On opening the pocket, the leads were almost twisted amongst each other in a spiral (figure 2). Once separated, the extraction procedure was routine with the leads being removed under simple traction. A new single coil active RV defibrillator lead was implanted into the low septum, a new RA lead was implanted in to the right atrial appendage and the CS was cannulated with a non-deflectable quadripolar electrophysiology catheter. A new quadripolar LV lead was implanted in to a lateral vein with no phrenic nerve stimulation. A new generator was attached and the device was secured in a pre-pectoral pocket to the muscle to try and prevent such a phenomenon occurring again.
Figure 2: Photo of leads and generator entwined prior to extraction
As previously noted, the patient had denied having manipulated the device herself. This was accepted by the Cardiologist. When examining within the pocket, the operator had commented on the pocket being extremely loose but the device had been encapsulated. It was assumed that it was due to the device being loose in the pocket, the generator had moved with normal arm movements to cause the leads to twist together and pull back from their implanted position.
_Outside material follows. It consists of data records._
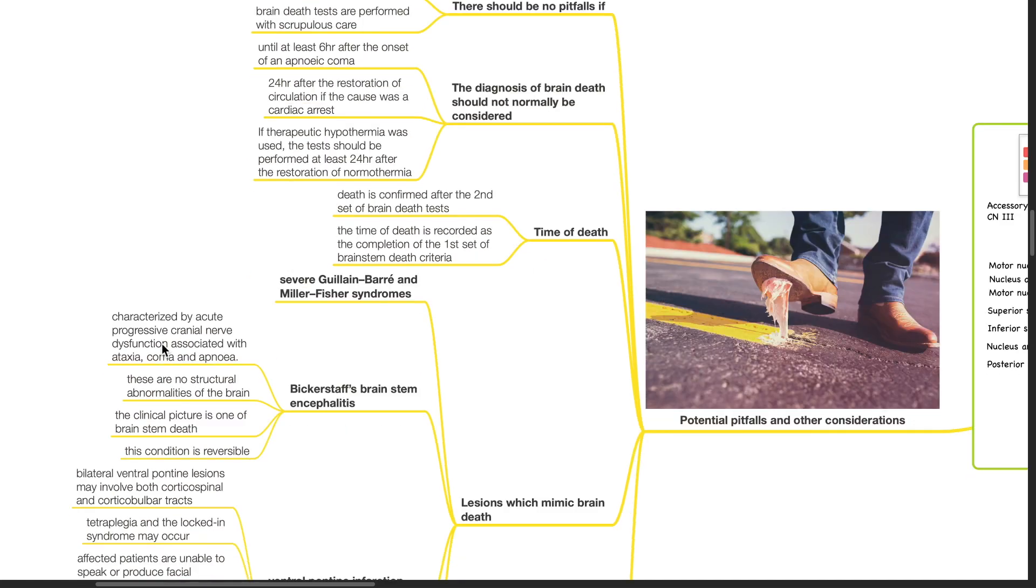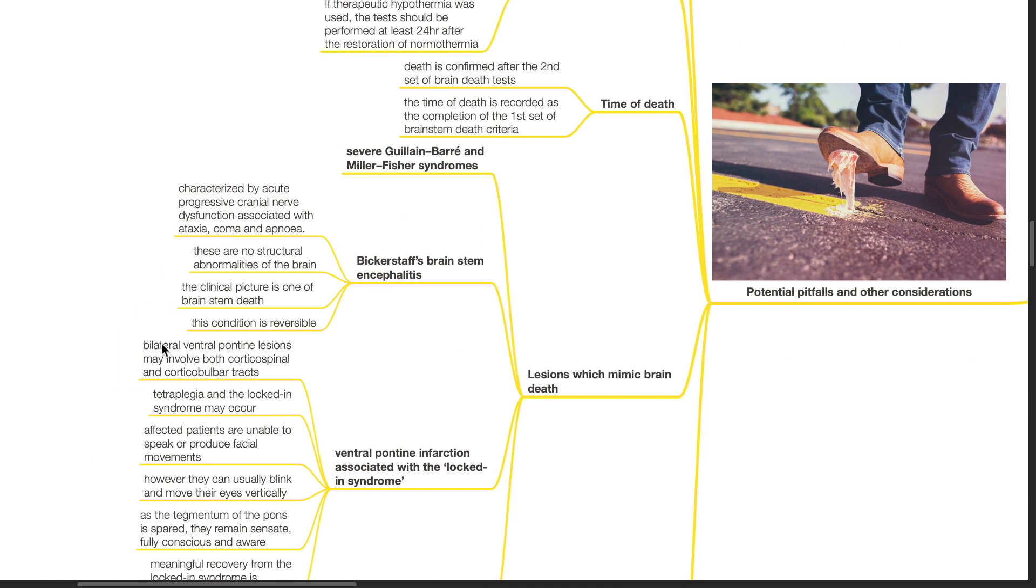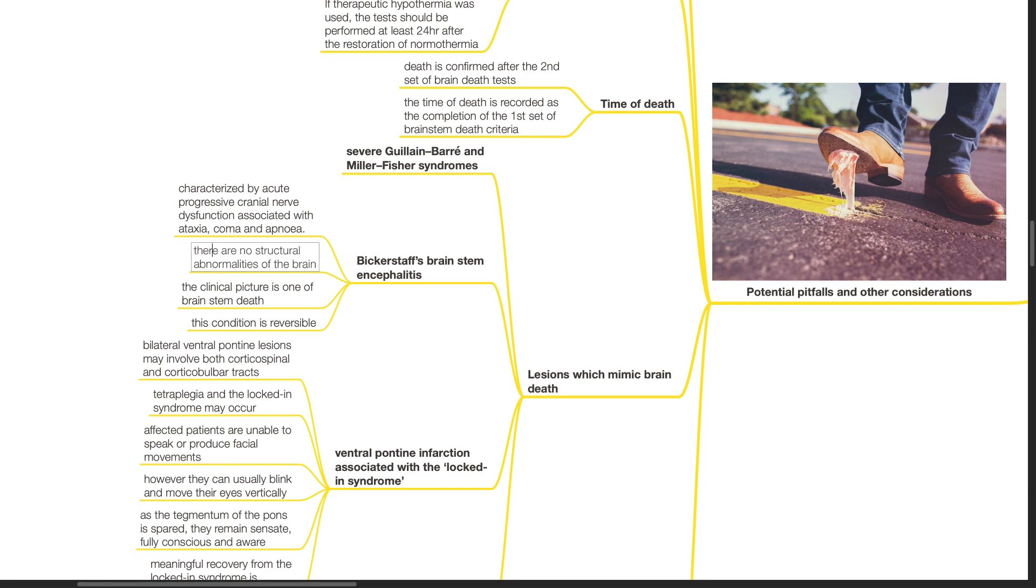Lesions which mimic brain death include severe Guillain-Barré and Miller-Fisher syndromes, Bickerstaff's brainstem encephalitis, which is characterized by acute progressive cranial nerve dysfunction associated with ataxia, coma and apnea. There are no structural abnormalities of the brain. The clinical picture is one of brainstem death. This condition is reversible.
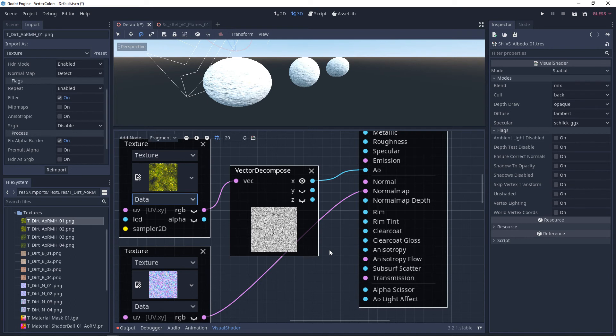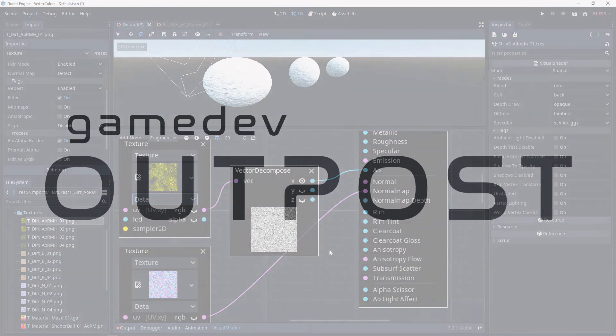Alright guys, this should cover visual shaders and ambient occlusion in Godot 3. If you thought this video was useful and it helped, please let me know by commenting down below and liking the video. Thanks guys.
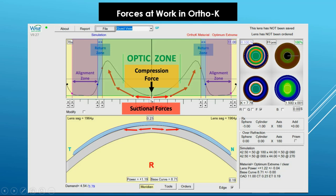The optic zone diameter and the base curve combine with the return zone to help create the amount of topo demand and epithelial displacement that can occur. The smaller the optic zone, the flatter the base curve, and the higher the return zone, the greater the topo demand that can be created and the greater the amount of refractive error that can be corrected.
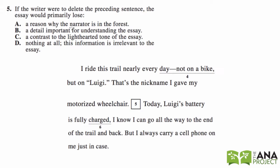Let's try our first Primarily Lose question. Number five: if the writer were to delete the preceding sentence, the essay would primarily lose what? Don't look at the answer choices — cover them up if you have to.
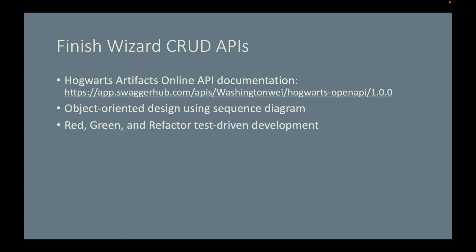And don't forget to use red, green, and refactor test-driven development. That is, you first write a test case by following given, when, and then step. After that, go ahead and implement the method.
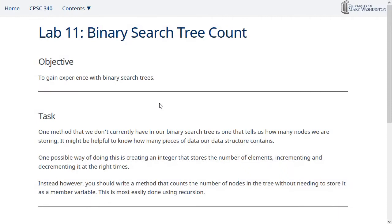Alright, so the lab for this week is going to be about binary search trees, and you're going to be writing the count method to report how many nodes are in the tree.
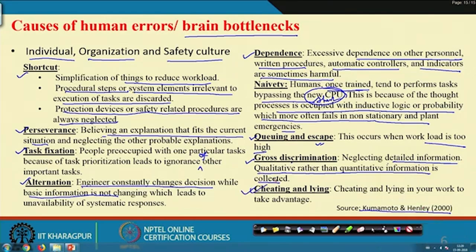When analyzing accidents due to human error and finding how to recover from those errors, if you analyze these brain bottlenecks and link your findings to them, your analysis will definitely be much stronger.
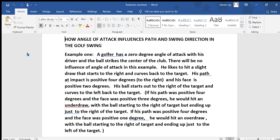Hello, this is Steven Vig, and I'd like to talk about how angle of attack influences path and swing direction in the golf swing.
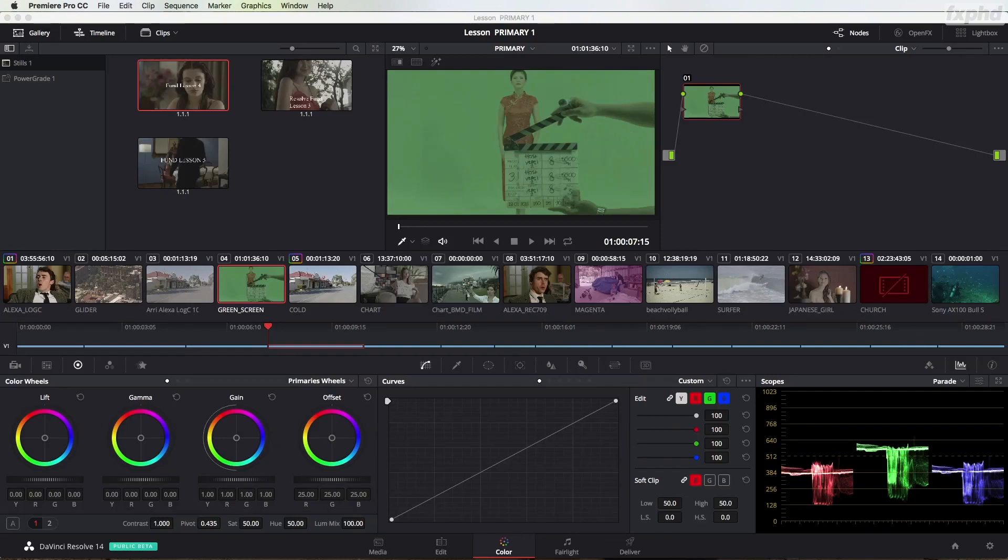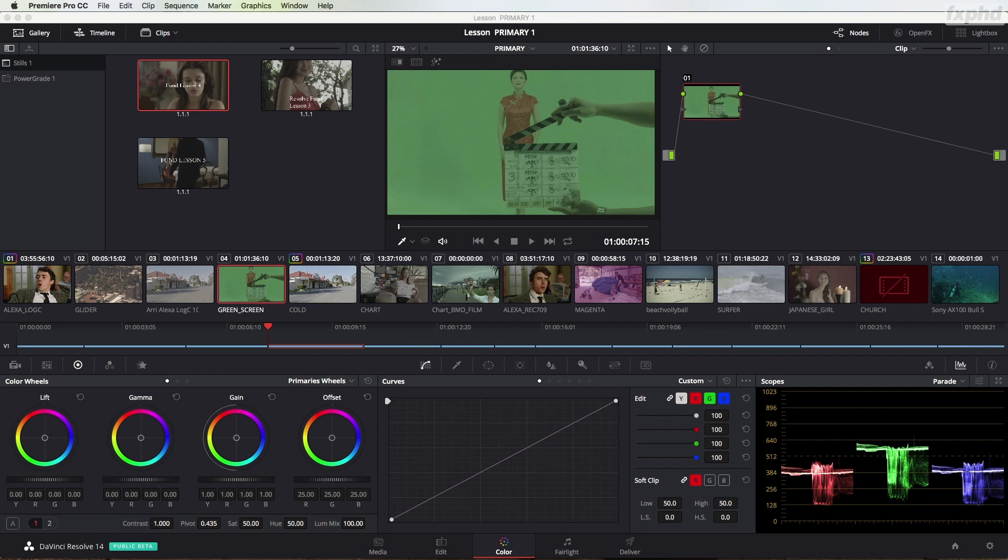Coloring for visual effects. I get a lot of questions about this in my classroom training. Do we grade before the visual effects or after it? Not at all? Do we let the visual effects artists do the coloring?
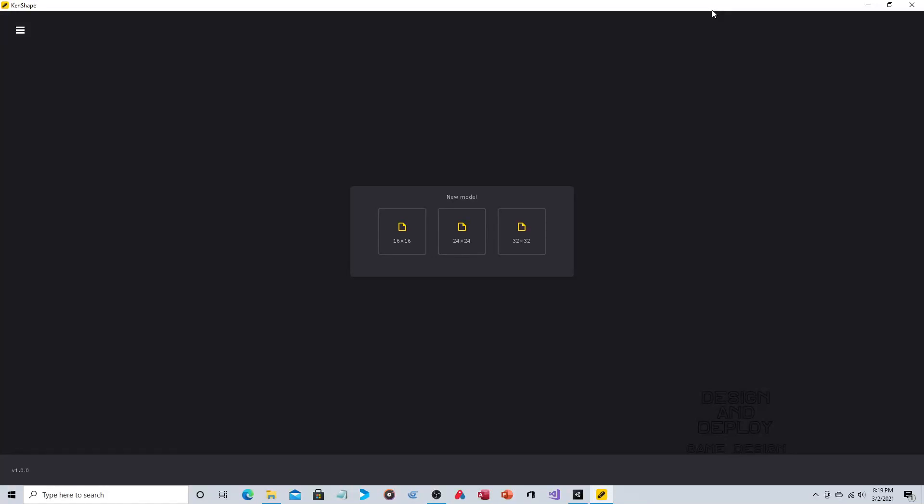Hey everyone, so in this video we are going to show you how to use a combination of KenShape and a couple lines of code in Unity to make easy destructible objects for your game.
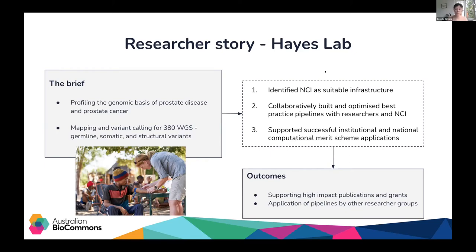Her group was successfully able to deploy these pipelines independently because we built comprehensive documentation alongside them, including detailed user guides, compute resource guides, and benchmarking examples for how pipelines performed on real data. Following the success of this project, Vanessa's group is looking to scale to 500 samples next year. Beyond the direct impact, these pipelines have also been deployed by other cancer research groups, canine genetics, and wildlife conservation groups, and have been used successfully in their own merit scheme applications.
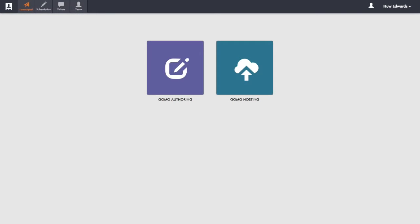Get going with GOMO, step one. First of all, log into your GOMO account and click on GOMO authoring.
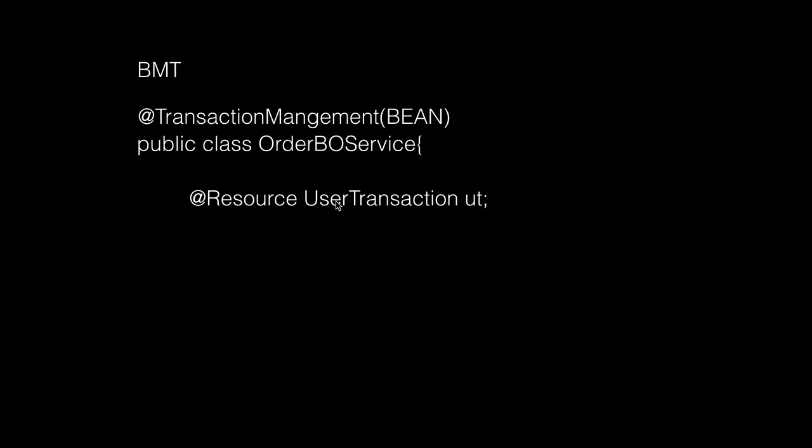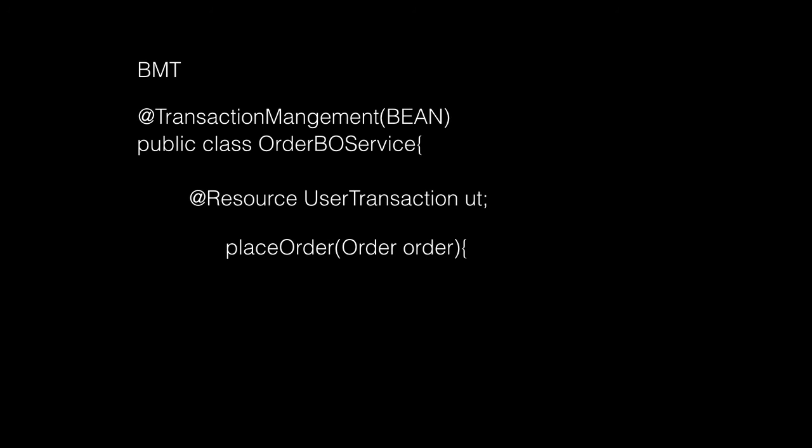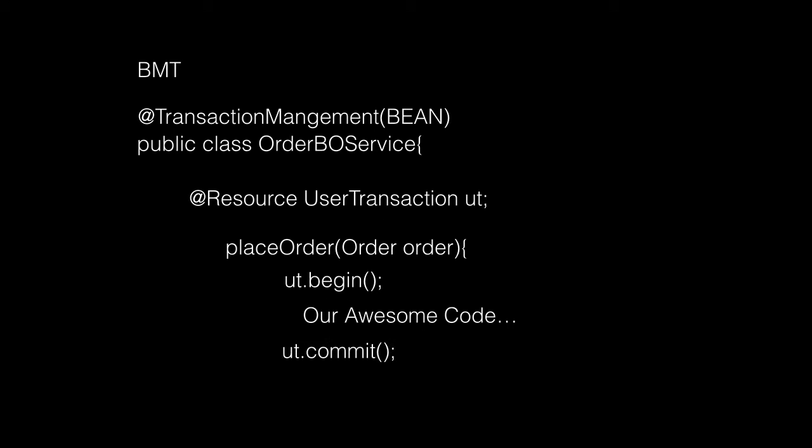Then we inject the UserTransaction object by asking the container to inject it using the @Resource annotation. The container creates the transaction and gives it to us, but it won't start or commit it. In our methods like placeOrder, we say ut.begin, ut.commit, and our code goes in between. It's that simple to use Bean Managed Transactions.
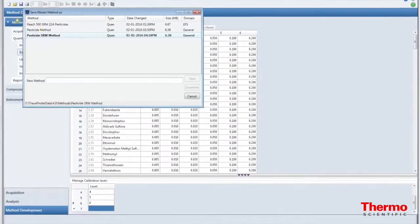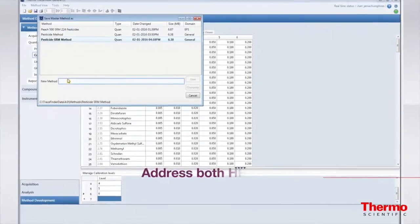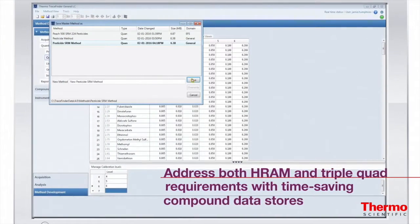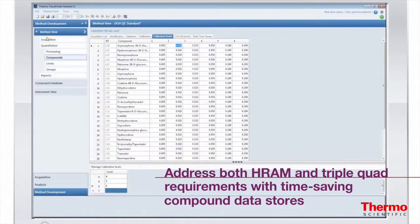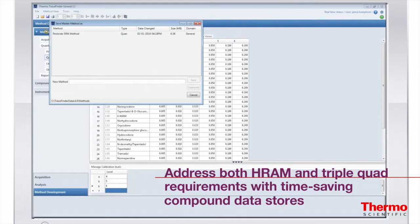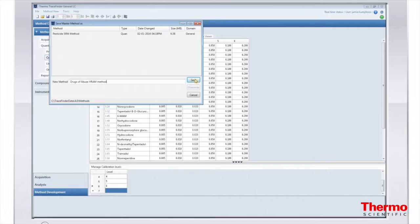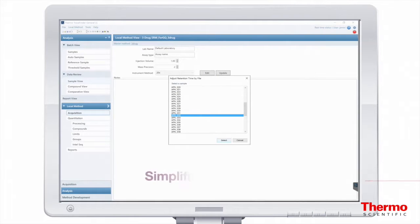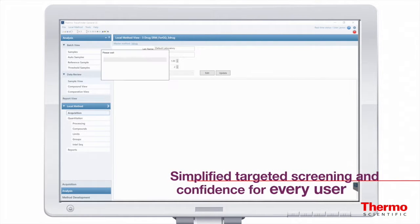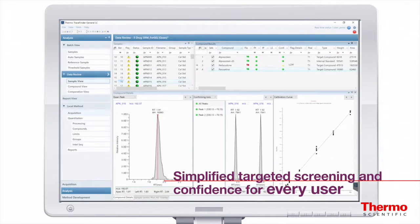Select compounds and develop methods rapidly with time-saving compound databases that include parameters for both SRM and HRAM. MS/MS targeted screening is simplified and streamlined with automatic retention time adjustment.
The new generator and leads were attached were secured in a pre-pectoral pocket to the muscle to try and prevent such a phenomenon happening in future.
Twiddler’s syndrome is a rare phenomenon that usually occurs as a result of patients manipulating and turning the pacemaker within the implanted pocket. Mostly, patients deny doing this as often it is done subconsciously. Over time, manipulation of the device increases the size of the pocket and thus allows eventual rotation or flipping over of the device. This causes damage to the leads often by fracture and thus increases in lead impedance occur, often then resulting in loss of capture when pacing. For such twisting of the leads to occur as in figure 2 without patient manipulation would be a very rare occurrence however has been seen in patients as soon as 2 days post implant. Often, this condition is seen within a year of implant. In order to try and prevent the phenomenon of Twiddles syndrome, various methods can be employed. For example, the size of the pocket should be kept to a minimum. The securing of the device to the pectoralis major helps prevent hypermobility of the can itself. Active fix leads generally are more secure and would help to avoid displacement.
The effects of Twiddler’s syndrome can be catastrophic, particularly in pacing patients with no underlying rhythm. It is most often seen in patients with pacemakers, as generally they are smaller devices, but occasionally, as in this case, it is seen with bigger devices such as a Biventricular ICD’s. Predisposing factors to consider at implant would include obesity, patients with psychiatric illnesses, and more elderly patients. The steps mentioned above should be given careful consideration in such instances.